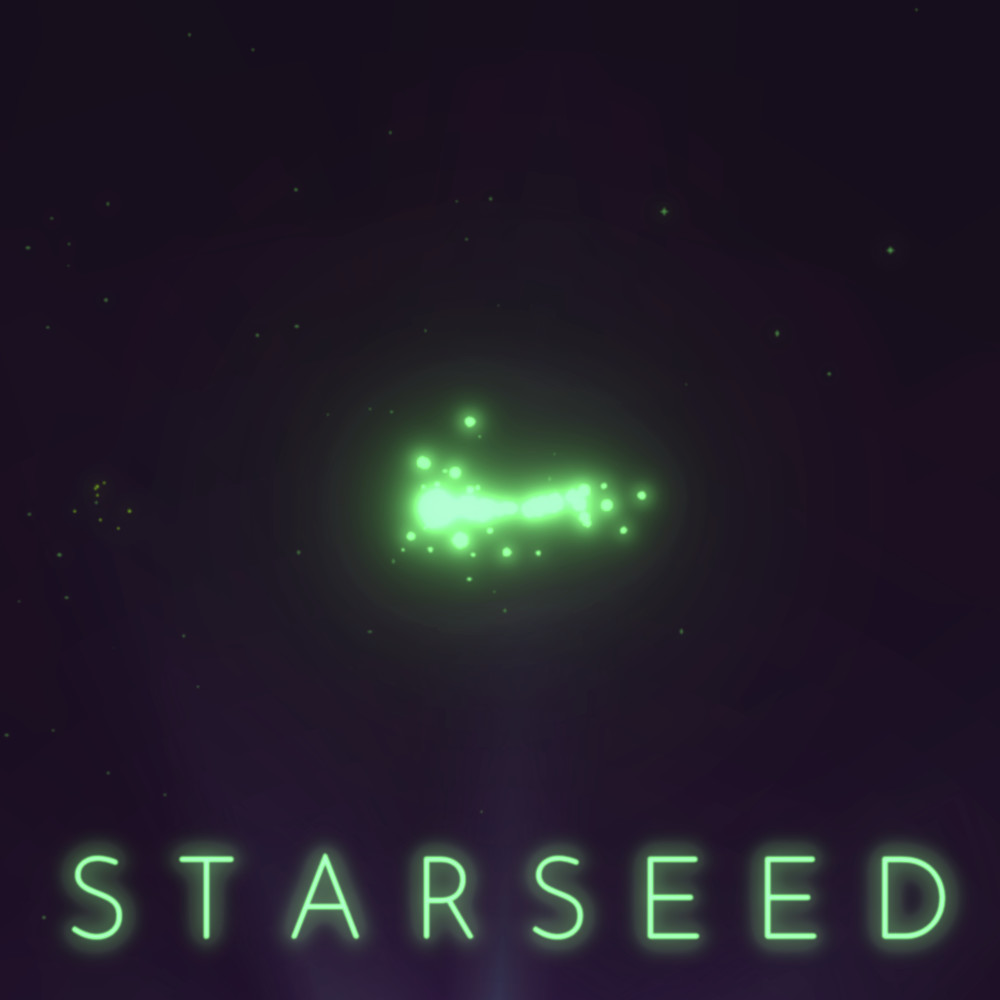 Starseed Soundtrack Free Ep 2 Featured Screenshot #1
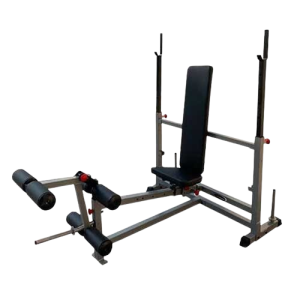 میز پرس بدنسازی مدل LS-46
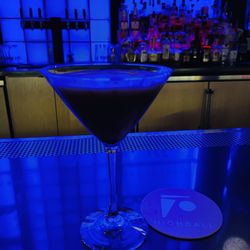 Highball Bar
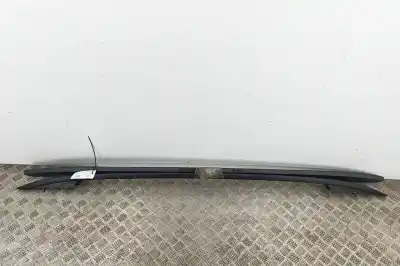 Автозапчастина б/у Бруски для даху для SKODA OCTAVIA III COMBI 5E5  Посилання на OEM IAM 5E9860033B,5E9860034B  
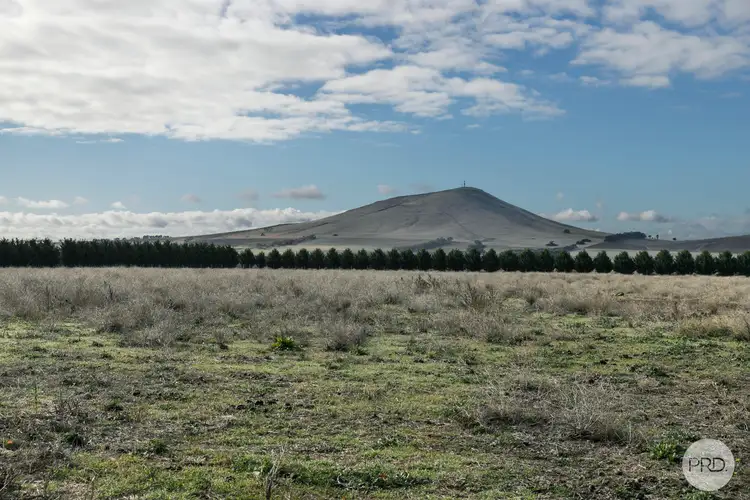 Fourth view of Homely land listing, LOT 13A, 114 Cemetery Road, Smeaton VIC 3364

────────────────

## YOUR INSTRUCTIONS
Only the pictures stay out; everything else in the listing above must be repeated exactly.

## RESULT OF THIS TASK
 Starseed Soundtrack Free Ep 2 Featured Screenshot #1
 میز پرس بدنسازی مدل LS-46
 Highball Bar
 Автозапчастина б/у Бруски для даху для SKODA OCTAVIA III COMBI 5E5  Посилання на OEM IAM 5E9860033B,5E9860034B  
 Fourth view of Homely land listing, LOT 13A, 114 Cemetery Road, Smeaton VIC 3364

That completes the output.